When reporting supplier diversity growth, bad data will skew program progress and cause issues such as diminished C-suite buy-in or loss of program confidence. Perhaps a more serious a consequence, though, is when you have bad risk assessment or regulatory data. A supplier risk assessment will indicate which suppliers are right for a bid opportunity and which suppliers might not have the financial strength yet. Having incorrect risk data could lead to awarding a contract to an underprepared supplier. Additionally, many government contracts require corporations to use a certain percentage of diverse suppliers. If audited and found to be under the diverse supplier threshold, corporations could lose important government contracts.
I see supplier data turnover at an average rate of 30 percent each year, so it’s safe to say this headache will continue for some time.
How can these pain points/headaches be overcome? How can companies improve the way they manage their supplier data?
A very easy and efficient way to overcome supplier data headaches is to schedule data enrichments with a third-party provider. Because data changes so often, we recommend running enrichments quarterly or align enrichments with your reporting requirements. Developing an enrichment schedule allows a practitioner to “set it and forget it”; they know their data is always fresh.
As a supplier diversity program matures, there are methods beyond routine enrichments that greatly increase efficiency. Supplier registration portals, for instance, offer a single point of contact for suppliers to communicate with procurement professionals. This ability can be the difference maker for managing supplier data, undoubtedly elevating any supplier diversity program.

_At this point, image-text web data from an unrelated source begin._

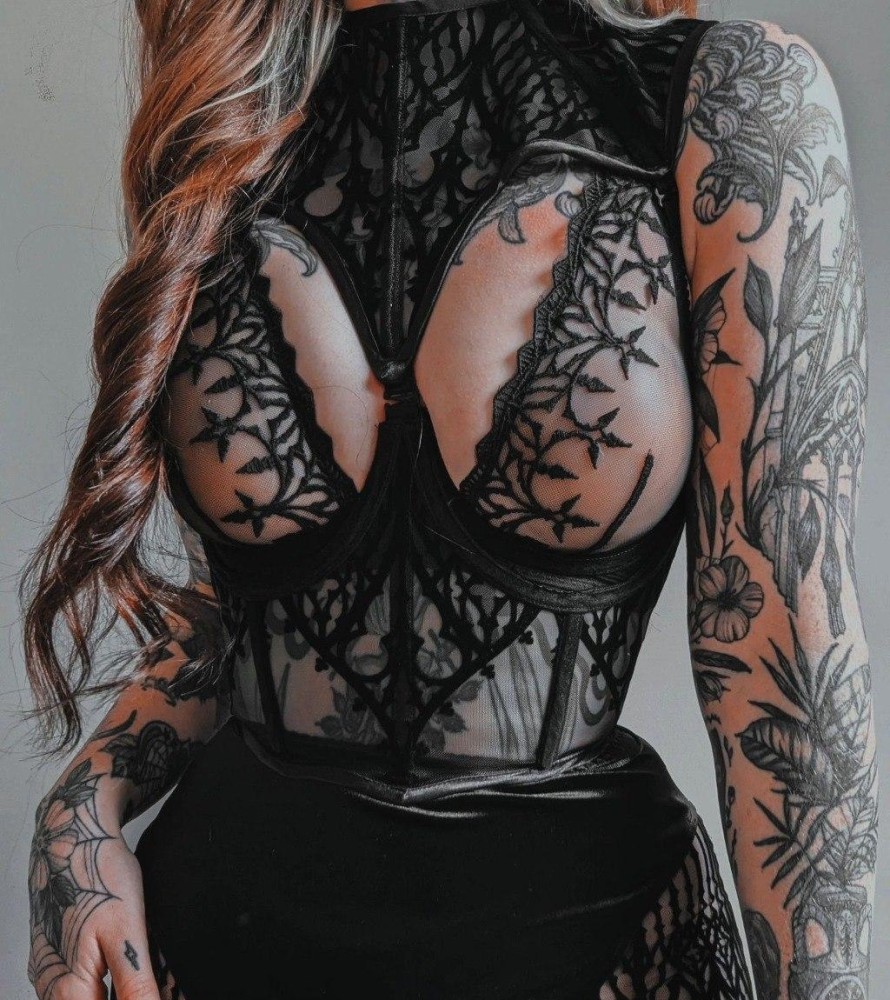 Индивидуалка Екатерина фото № 2 в городе Москва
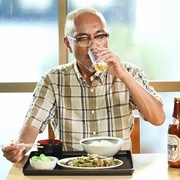 野武士的美食 野武士のグルメ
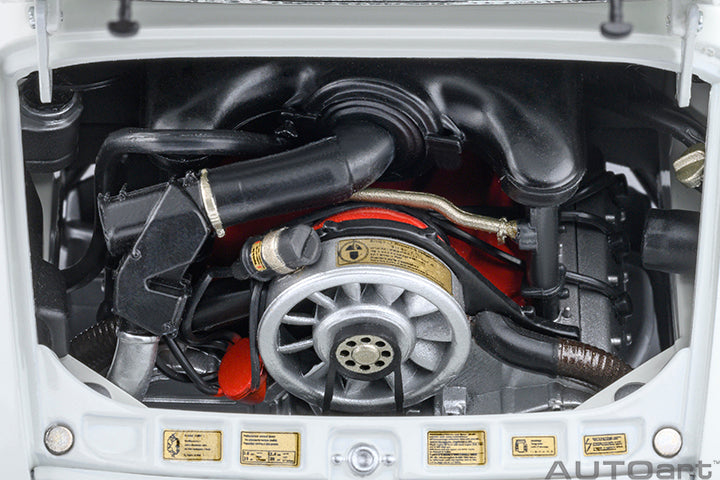 78026 PORSCHE 911 CARRERA 2.7 RS "CIRCUIT WOLF"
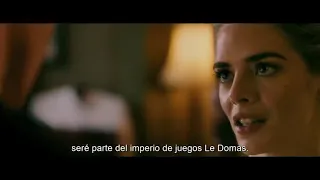 BODA SANGRIENTA - Trailer en español Latino Sub 2019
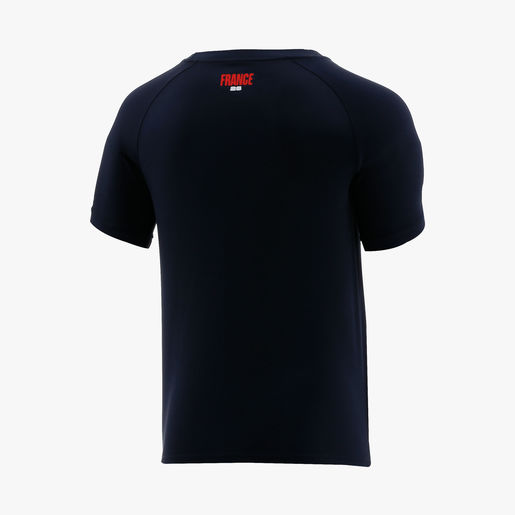 FIFA Polo Francia Mundial 2026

What trends or innovations in business technology are you following today? Why do they excite you?
This is completely unrelated to supplier diversity, but as a marketer, I’m really excited to see what video evolves into. Right now, video creation and consumption are at all-time highs. Businesses in every industry are using video to inform, educate, sell, and entertain their audience. However, as we all know, too much of anything is bad. Videos will eventually oversaturate the web. Companies will need to get creative with their next content medium when this happens.
If I were a betting man, I would say that augmented reality (AR) is the next big platform. By using AR we are finally able to ditch screens, adding a virtual touch to everyday life. Remote collaborations can take place outside of a conference room. Product demonstrations can happen in 3D. Traditionally computer-focused tasks will move to a more efficient medium. The possibilities are endless, and that’s why it really excites me to see AR evolve. While the technology is still very fresh, I wouldn’t be surprised if there was widespread AR adoption by 2022.
Tell us about the CVM Solution’s mission. How are you helping your customers?
Back in 2002, two minority entrepreneurs who had a passion for both their businesses and their communities founded CVM Solutions. Since then, we have worked as a trusted advisor to the Supplier Diversity community. Our mission is to support every program by providing superior end-to-end Supplier Diversity solutions. Equipped with unparalleled data intelligence, superior technology and expert guidance, businesses can effectively establish and advance their diversity initiatives. CVM partners with corporate supplier diversity programs in every stage of their evolution– from those that are just getting started, to the most advanced, world-class programs.